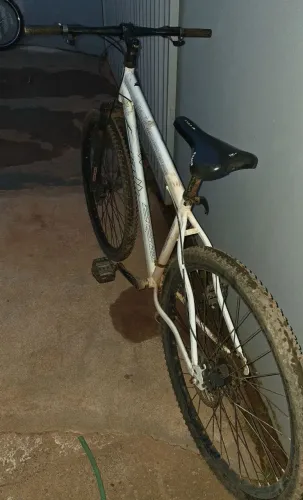 BIKE COLLI ULTIMATE 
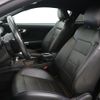 ford mustang 2019 quick_quick_humei_1FA6P8CF3K5162835 image 6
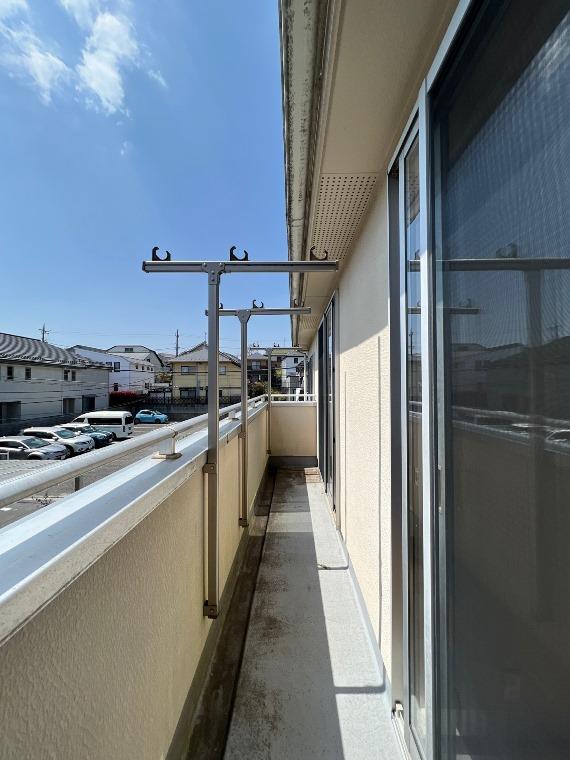 成城戸建 その他1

◆ **Exercise**: Write out the listing word for word, omitting the pictures it holds.

◆ **Output for this task**:
 BIKE COLLI ULTIMATE 
 ford mustang 2019 quick_quick_humei_1FA6P8CF3K5162835 image 6
 成城戸建 その他1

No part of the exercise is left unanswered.